Exercise data:
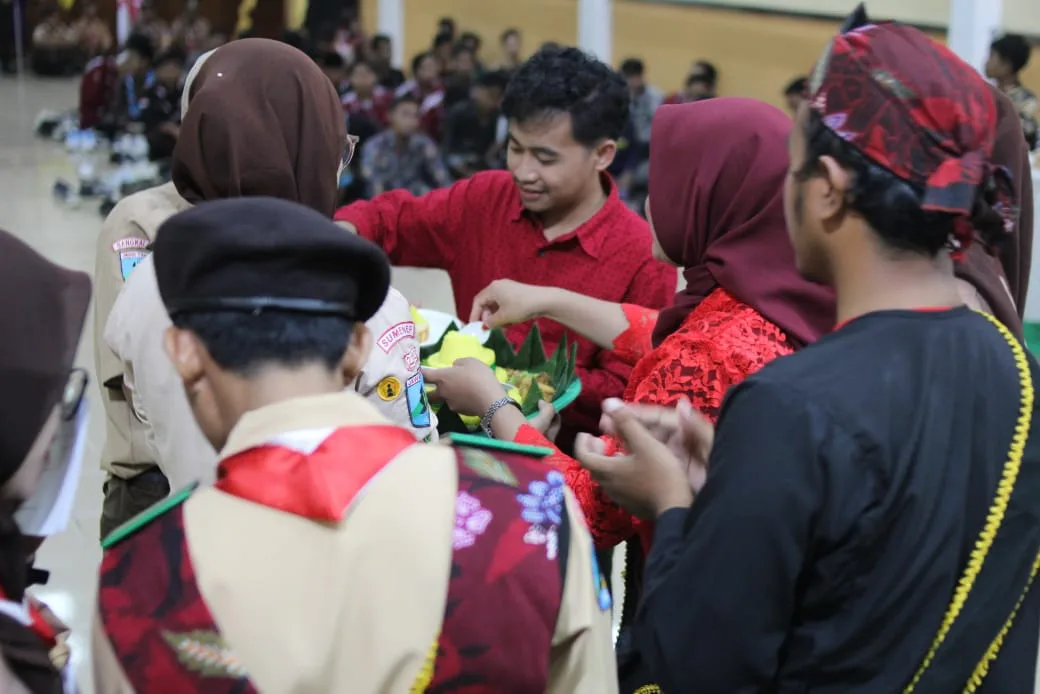 Dies Natalis Pramuka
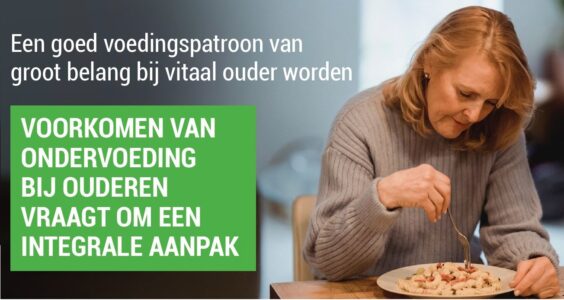 Afbeelding voor Signalering ondervoeding bij ouderen thuis in GALA-akkoord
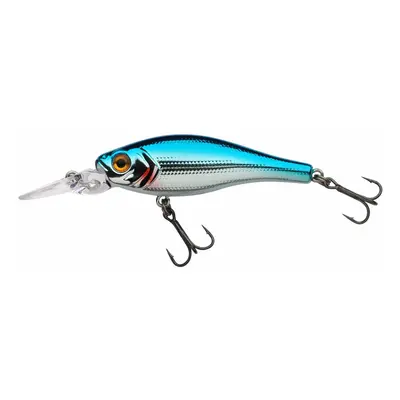 Berkley wobler pulse minnow blue flash 6 cm 7,7 g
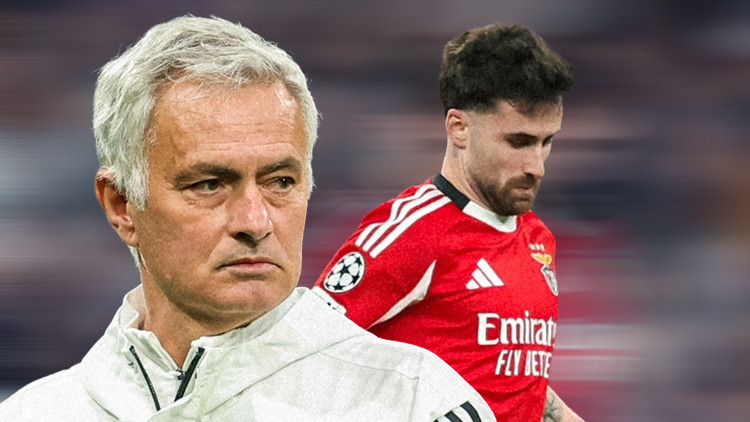 Benfica'da Mourinho ve Rafa Silva arasında kriz! 'Bazı oyuncuları daha fazla oynatmak istemiyorum'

Work instructions:
Exclude the pictures. Write out the remaining data exactly.

Task answer:
 Dies Natalis Pramuka
 Afbeelding voor Signalering ondervoeding bij ouderen thuis in GALA-akkoord
 Berkley wobler pulse minnow blue flash 6 cm 7,7 g
 Benfica'da Mourinho ve Rafa Silva arasında kriz! 'Bazı oyuncuları daha fazla oynatmak istemiyorum'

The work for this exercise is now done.